**Work to complete**:
Scan the records for the word "Retro". Report each line where it occurs.

Brief descriptive captions:

========================================

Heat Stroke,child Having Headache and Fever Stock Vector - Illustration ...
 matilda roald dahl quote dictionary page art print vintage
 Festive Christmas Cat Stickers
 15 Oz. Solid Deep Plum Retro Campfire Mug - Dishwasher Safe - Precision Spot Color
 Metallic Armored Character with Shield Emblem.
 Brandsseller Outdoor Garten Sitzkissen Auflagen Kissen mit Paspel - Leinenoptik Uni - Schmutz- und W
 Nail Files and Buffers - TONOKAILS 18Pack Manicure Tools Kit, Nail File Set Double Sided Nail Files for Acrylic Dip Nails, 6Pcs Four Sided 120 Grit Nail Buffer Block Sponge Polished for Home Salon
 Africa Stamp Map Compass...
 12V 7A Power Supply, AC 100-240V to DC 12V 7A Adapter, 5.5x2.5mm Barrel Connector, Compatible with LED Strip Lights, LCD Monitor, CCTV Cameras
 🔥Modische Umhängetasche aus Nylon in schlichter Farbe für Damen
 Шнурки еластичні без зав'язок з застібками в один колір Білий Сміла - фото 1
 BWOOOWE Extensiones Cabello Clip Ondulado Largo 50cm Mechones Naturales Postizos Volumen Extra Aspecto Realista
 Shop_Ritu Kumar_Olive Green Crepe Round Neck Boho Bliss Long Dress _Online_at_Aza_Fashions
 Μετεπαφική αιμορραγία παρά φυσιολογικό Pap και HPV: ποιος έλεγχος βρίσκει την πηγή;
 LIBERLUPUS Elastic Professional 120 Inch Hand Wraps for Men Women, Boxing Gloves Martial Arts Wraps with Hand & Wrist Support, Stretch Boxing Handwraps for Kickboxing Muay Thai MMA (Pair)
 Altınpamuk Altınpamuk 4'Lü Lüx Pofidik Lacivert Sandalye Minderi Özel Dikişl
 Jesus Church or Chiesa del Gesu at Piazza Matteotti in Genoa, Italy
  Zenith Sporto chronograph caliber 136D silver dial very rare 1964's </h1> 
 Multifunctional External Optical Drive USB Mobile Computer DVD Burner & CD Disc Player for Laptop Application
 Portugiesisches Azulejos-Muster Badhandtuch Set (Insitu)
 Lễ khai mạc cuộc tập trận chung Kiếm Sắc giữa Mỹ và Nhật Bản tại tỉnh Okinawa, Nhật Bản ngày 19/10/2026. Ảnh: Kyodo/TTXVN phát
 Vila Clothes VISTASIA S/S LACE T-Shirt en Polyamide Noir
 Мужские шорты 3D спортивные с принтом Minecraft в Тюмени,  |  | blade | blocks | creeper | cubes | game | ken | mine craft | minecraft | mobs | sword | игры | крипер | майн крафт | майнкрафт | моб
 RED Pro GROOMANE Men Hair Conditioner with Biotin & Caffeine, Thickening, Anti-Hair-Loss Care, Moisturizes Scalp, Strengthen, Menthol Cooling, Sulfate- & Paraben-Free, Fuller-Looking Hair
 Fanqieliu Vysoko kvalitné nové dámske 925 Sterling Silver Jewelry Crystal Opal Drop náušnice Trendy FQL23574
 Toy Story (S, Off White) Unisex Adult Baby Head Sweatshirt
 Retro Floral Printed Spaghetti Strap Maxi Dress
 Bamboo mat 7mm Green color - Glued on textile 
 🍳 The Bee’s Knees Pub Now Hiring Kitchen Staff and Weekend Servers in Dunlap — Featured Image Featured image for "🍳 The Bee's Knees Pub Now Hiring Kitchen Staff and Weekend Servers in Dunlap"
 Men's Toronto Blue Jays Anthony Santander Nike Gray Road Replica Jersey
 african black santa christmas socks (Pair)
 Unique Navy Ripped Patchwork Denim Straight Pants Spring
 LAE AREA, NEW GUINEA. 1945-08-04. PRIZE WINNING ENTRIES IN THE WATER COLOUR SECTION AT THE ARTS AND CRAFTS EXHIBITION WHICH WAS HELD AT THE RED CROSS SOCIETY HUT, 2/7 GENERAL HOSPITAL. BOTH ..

========================================

**Answer to this exercise**:
 15 Oz. Solid Deep Plum Retro Campfire Mug - Dishwasher Safe - Precision Spot Color
 Retro Floral Printed Spaghetti Strap Maxi Dress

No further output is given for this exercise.